1. What problem does this format solve?
Galaxy tools are distributed through the Galaxy Tool Shed (https://toolshed.g2.bx.psu.edu).
An administrator does not check tool code into their Galaxy server; instead they install a Tool
Shed repository at a specific changeset revision. Doing this by hand through the admin UI is
fine for one tool, but production servers install thousands of tools and need the operation to be:
- declarative — the desired tool set is a file in version control, not clicks in a UI;
- reproducible — installing the same file on a fresh server yields the same tools at the same revisions;
- idempotent — re-running skips already-installed tools.

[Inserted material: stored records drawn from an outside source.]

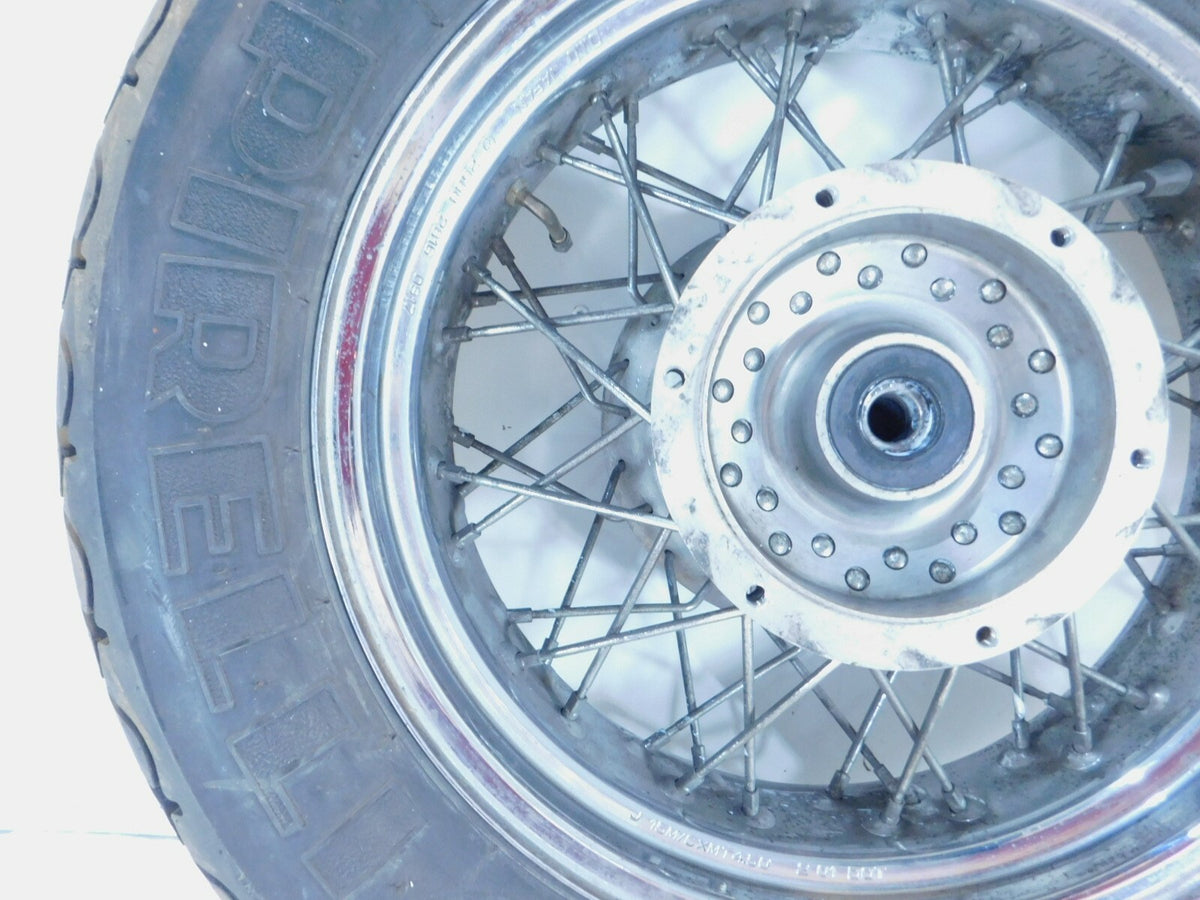 Yamaha V-Star 1100 XVS1100 Classic Custom Midnight Laced Rear Wheel Hub & Tire - C3 Cycle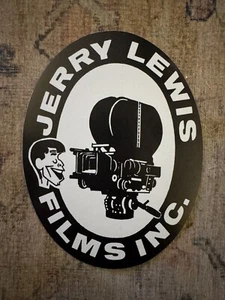 "Pegatina promocional Jerry Lewis Films Inc vintage 6,5 X 5"" Starliner ovalada" - Imagen 1 de 2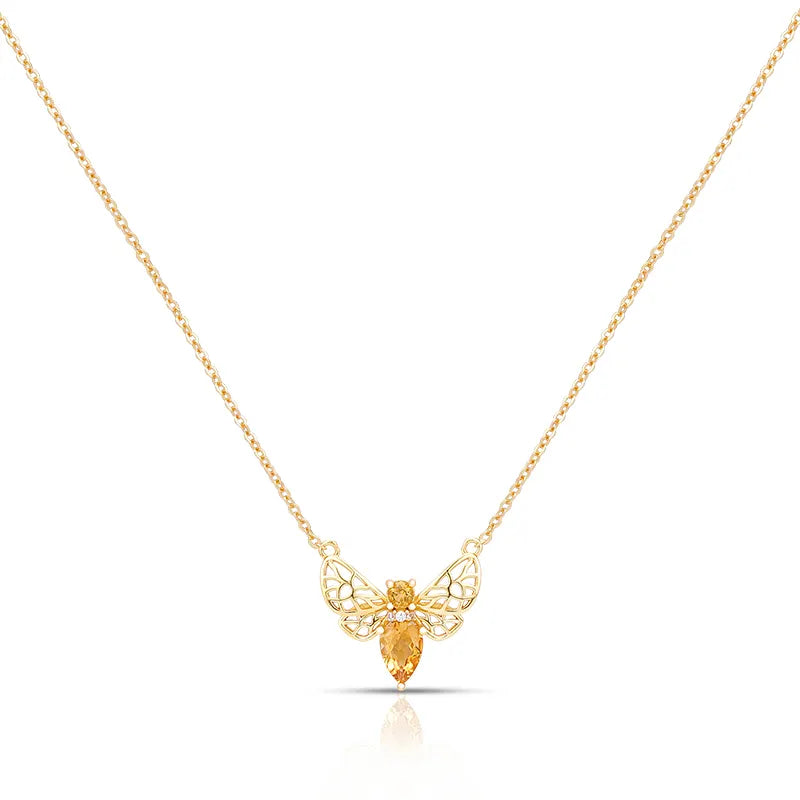 bee cetrine neckless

The tool-install YAML is that declarative file. The ephemeris module docstring states its purpose directly:
“A tool to automate installation of tool repositories from a Galaxy Tool Shed into an instance of Galaxy.” —
ephemeris/shed_tools.py
The admin training tutorial frames the same point:
See Galaxy Tool Management with Ephemeris (Galaxy Training Network,
admin/tool-management).
2. The canonical schema
The authoritative human-readable reference is the sample shipped with the ansible role,
files/tool_list.yaml.sample.
Reproduced verbatim:
---
# This is a sample file to be used as a reference for populating a list of
# tools that you wish to install into Galaxy from a Tool Shed via the
# `install_tool_shed_tools.py` script.
#
# For each tool you want to install, you must provide the following keys:
# * name: this is is the name of the tool to install
# * owner: owner of the Tool Shed repository from where the tools is being
# installed
# Further, you need to provide **one** of the following two keys:
# * tool_panel_section_id: ID of the tool panel section where you want the
# tool to be installed. The section ID can be found
# in Galaxy's `shed_tool_conf.xml` config file. Note
# that the specified section must exist in this file.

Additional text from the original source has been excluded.